Take the lines from the beginning of the material through the line containing "Hey everyone, Doc" and retype them exactly, leaving the pictures out.
(Beginning of SUPPLIED ENTRIES)
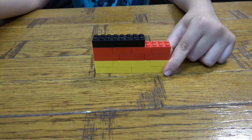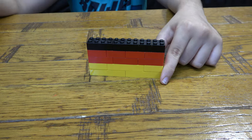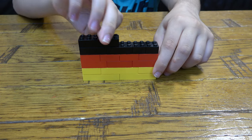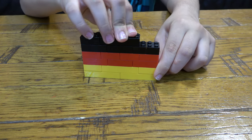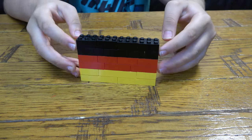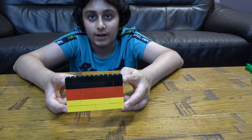Okay guys, so if you guys didn't know, Germany has a population of over 80 million people. The national animal for Germany is an eagle, and the capital is Berlin. So here's the German flag.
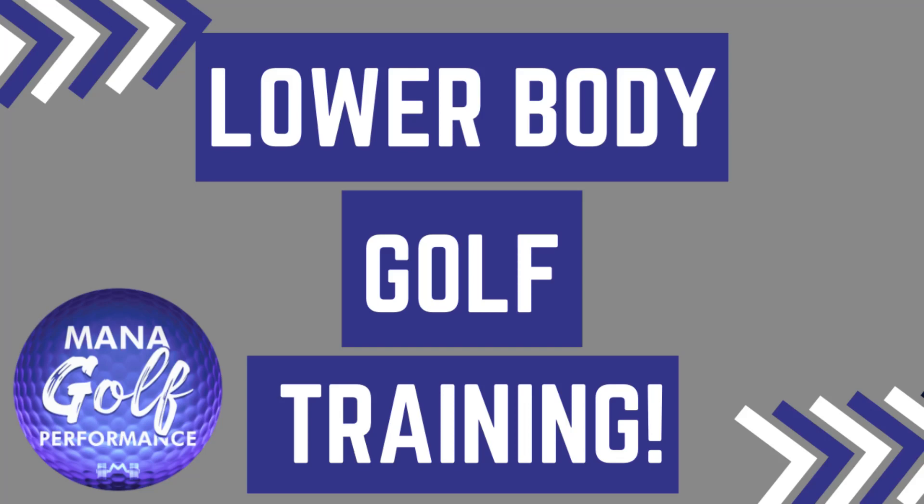Hey everyone, Doc Russ of Man of Golf Performance. I'm going to show you a sample lower body training session that you can utilize for your golf game.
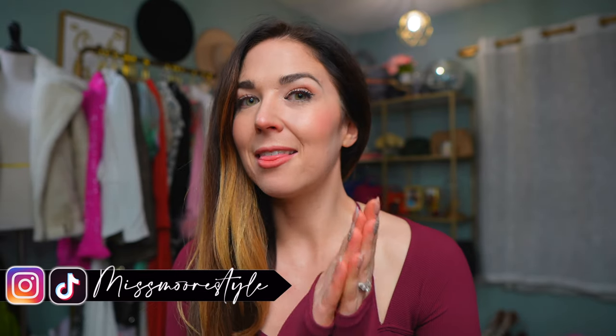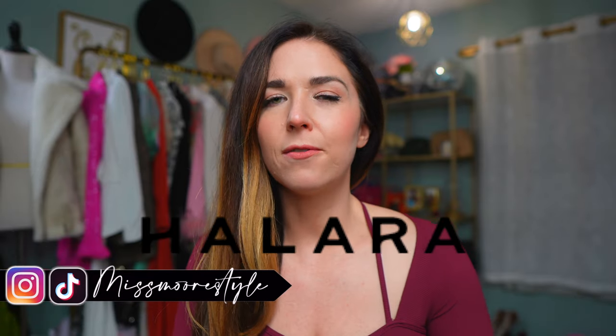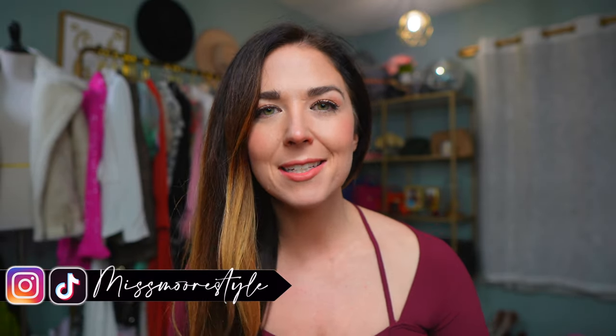Well, hello everyone. Welcome back to the channel. If you're new, hello, welcome. My name is Jessica. Today I'm going to be trying on and reviewing an athletic wear brand called Hilara. I've been somewhat familiar with this brand for a while. I've seen them around the internet, on Facebook ads here and there, and I've been curious because they sell really cute athletic wear at a very affordable price point. And so when they reached out and offered to send me some pieces in exchange for a video, I said yes because I want to try your clothes out. So big thanks to Hilara for sending me over the pieces for today's haul.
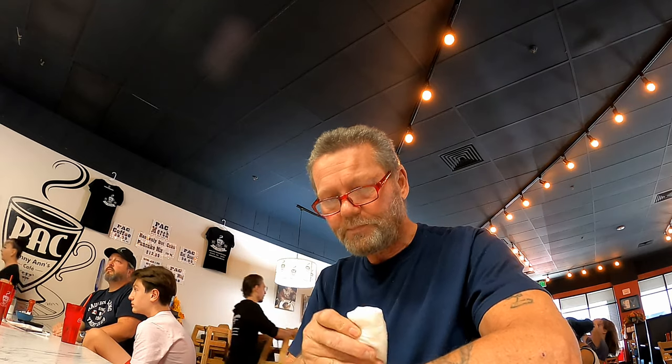I'm going to finish this amazing meal — if I can quit spilling it on myself — and I will see you in my next video.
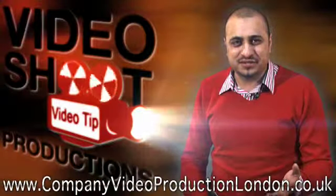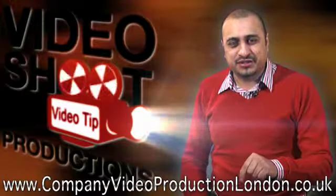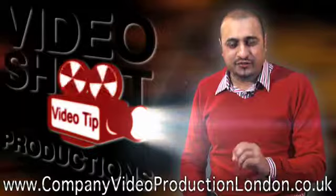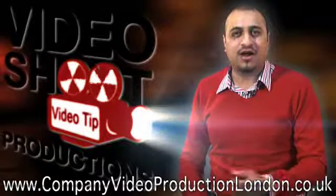I've produced loads more tips. Go to this website and start watching and making great looking videos for yourself and for the web. I'm Hanif Khan.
(End of SUPPLIED ENTRIES)
§ **TASK SOLUTION**:
Okay guys, so if you guys didn't know, Germany has a population of over 80 million people. The national animal for Germany is an eagle, and the capital is Berlin. So here's the German flag.
Hey everyone, Doc Russ of Man of Golf Performance. I'm going to show you a sample lower body training session that you can utilize for your golf game.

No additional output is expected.